Staples have staying power: Long-haul truckers Anna and Chris Hutchson were churning out a Canadian staple by the gallon from their Nova Scotia farm. “Our all-natural, organic, pure maple infusions prove that maple syrup is not just for pancakes,” said Leanne Dobtora, Chris’s sister and the business-savvy member of the team. Demand wasn’t going to be a problem, Chris predicted. “The one thing with maple syrup is there doesn’t seem to be enough of it,” he said. Pure had $400,000 in sales the previous year, but the need to build up inventory before the holiday season meant the company had ended its fiscal year at a loss. “I think the name is terrific. I like the product. I like your story. I don’t like the fact that you’re not making money,” said Joe Mimran. But he made a bid anyway, offering the $225,000 for an 8% royalty until the capital was paid back, and 20% of the business. Jim Treliving wanted a 30% equity stake and a 50% say at the table in exchange for the capital. After Hutchison failed to bring down his ask, the trio opted for Treliving’s deal.
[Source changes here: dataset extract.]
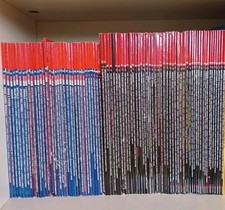 Lotto 81 numeri Focus Storia  ottime condizioni 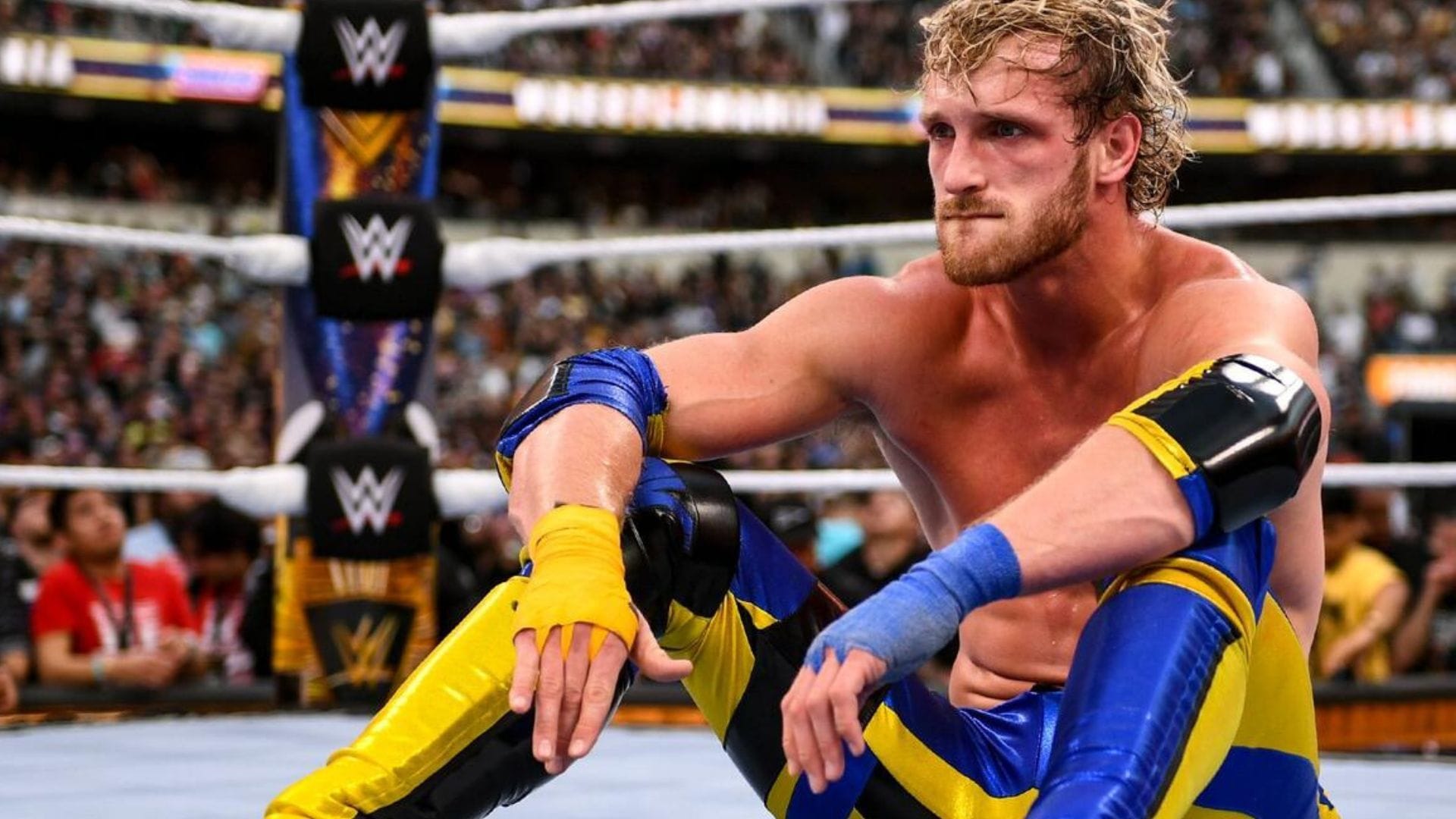 Logan Paul Breaks Character; Emotional WWE RAW Moment Caught On Camera: "Got One"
Move fast and make things: Father-and-son team Michael and Brodie Stanfield were looking to make their gaming sessions more exciting, so they built a speaker- and sensor-filled bodysuit. They’d spent $550,000 to build their prototype, using savings, investor capital and government funding. “That’s a lot of money. It’s not like it’s new technology,” said Michael Wekerle, pointing to motion capture as a more advanced form of interactivity. Though the company had the technical setup all worked out, the duo had only a couple of units, called As Real As it Gets, limiting their ability to show off and sell the device. “You have to get this into the hands of [the] 10 big decision-makers … [who] are making the bets on the developers [who] are going to build for pieces of hardware in the gaming space,” Michele Romanow advised them. But Manjit Minhas, whose Spotlight Production studio is working on virtual reality with Samsung, saw some synergy. “[They’re] always looking for the next thing in this hardware space,” she said, offering the $500,000 for a 25% stake. The Stanfields took the deal.